@neurogeek’s excellent answer has completely covered the issue here, but there is one caveat about any conclusions you derive from running experiments using the code that we have written here in the Regularization notebook:
Notice that the template code that they gave us sets the random seed in the forward propagation with dropout function. That means that we actually end up dropping exactly the same neurons in every iteration, so what we have implemented here is not really dropout as it was intended. The whole point of dropout is that you don’t drop the same neurons in every iteration, so that you get statistical behavior w.r.t. weakening the connections. So if you want to run experiments using the code as we wrote it here, it would be a good idea to remove the setting of the random seed so that you really see the full effect of dropout. With the fixed seed, our dropout implementation basically just subsets the network in a fixed way, which is not the real point of dropout. In fact, thinking a little more deeply about this, the “fixed dropout” is actually worse than just subsetting the network.

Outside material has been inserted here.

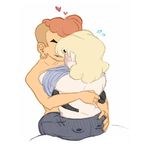  &lt;3 blonde_hair blush butt clothing female hair human lars male male/female mammal nervous not_furry orange_hair partially_clothed plain_background sadie steven_universe 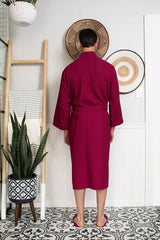 Waffle Kimono Spa Bathrobe for Men -  Absorbent, Lightweight From Lotus Linen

That’s because what happens is that the fixed set of neurons we drop have weights that just never get updated, but then when we use the trained model, those weights are still there with whatever random initial values they happened to get and the training has not affected them at all. That’s because the way the dropout logic works on back propagation is that it zaps the gradients for those nodes. So it seems pretty important that we remove the setting of the random seed for any real work we intend to do with this code.
Of course this point is completely independent of the “big picture” answer that @neurogeek gave us above.